*DIRECTIONS FOR THIS TASK:* Return the lines of the data below starting at the one holding "Set of four" and ending at the one holding "A white Hikvision", word for word, leaving every picture out.

-------- LISTED ENTRIES

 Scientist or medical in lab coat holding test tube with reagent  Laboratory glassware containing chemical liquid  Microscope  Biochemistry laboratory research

----------------
-------- LISTED ENTRIES

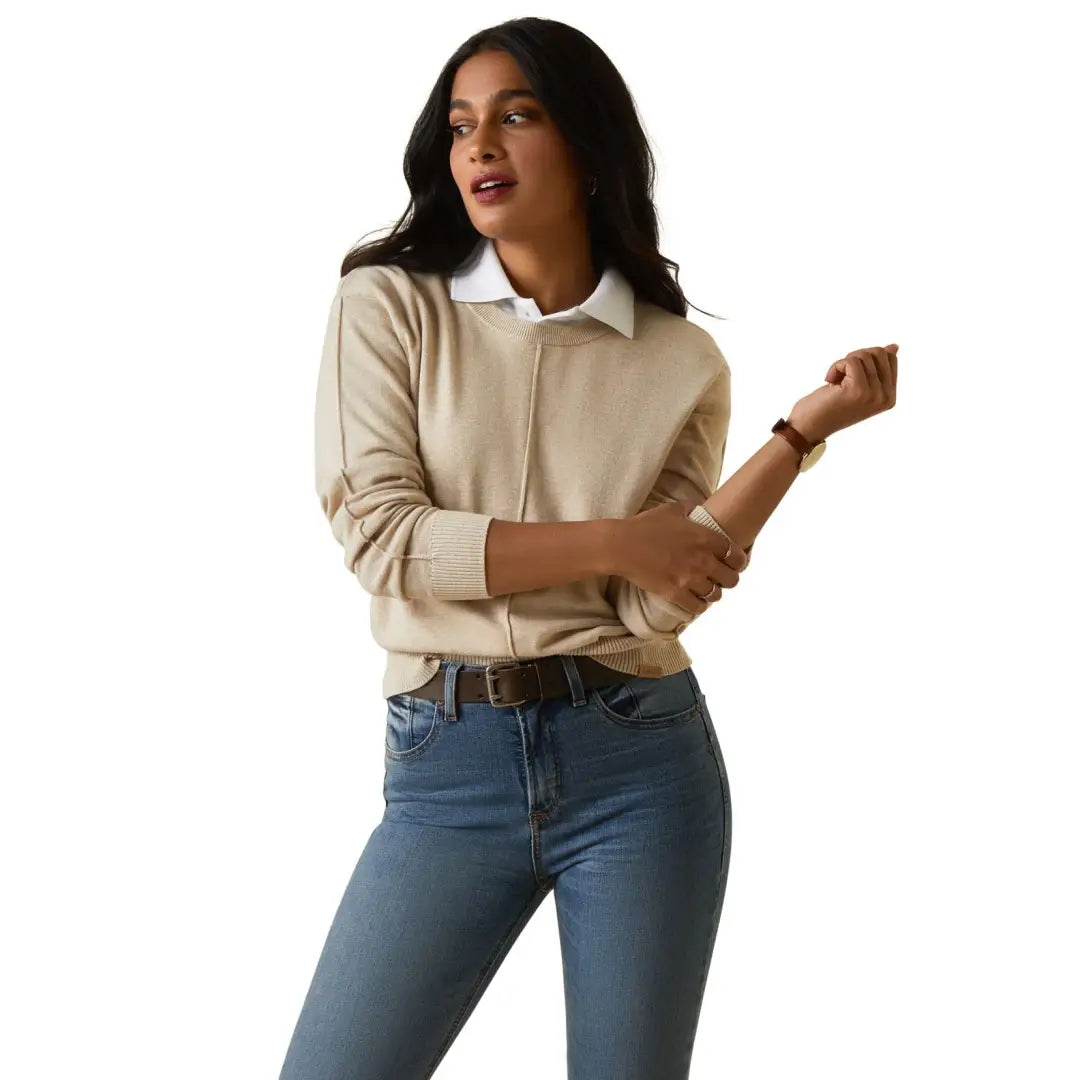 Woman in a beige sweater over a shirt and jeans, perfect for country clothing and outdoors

----------------
-------- LISTED ENTRIES

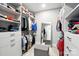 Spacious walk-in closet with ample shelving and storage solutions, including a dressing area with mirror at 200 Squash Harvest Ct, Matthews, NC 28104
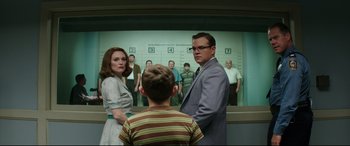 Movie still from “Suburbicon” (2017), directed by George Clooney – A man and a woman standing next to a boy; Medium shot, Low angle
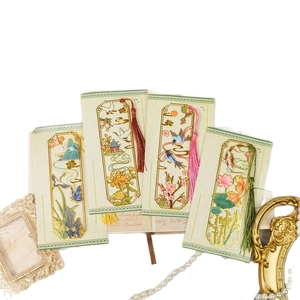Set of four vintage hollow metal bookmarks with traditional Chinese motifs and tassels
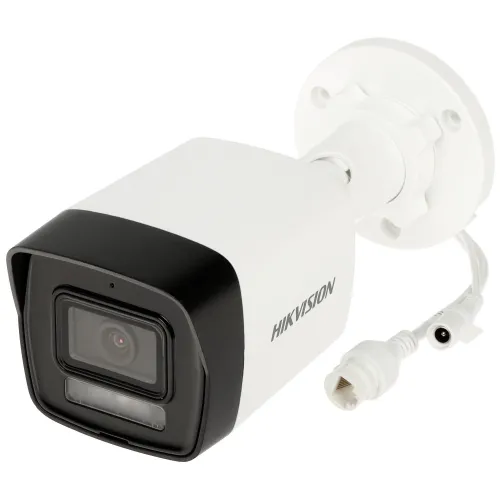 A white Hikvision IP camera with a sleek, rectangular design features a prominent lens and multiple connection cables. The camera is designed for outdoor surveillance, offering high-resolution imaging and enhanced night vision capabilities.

----------------

*YOUR SOLUTION:*
Set of four vintage hollow metal bookmarks with traditional Chinese motifs and tassels
 A white Hikvision IP camera with a sleek, rectangular design features a prominent lens and multiple connection cables. The camera is designed for outdoor surveillance, offering high-resolution imaging and enhanced night vision capabilities.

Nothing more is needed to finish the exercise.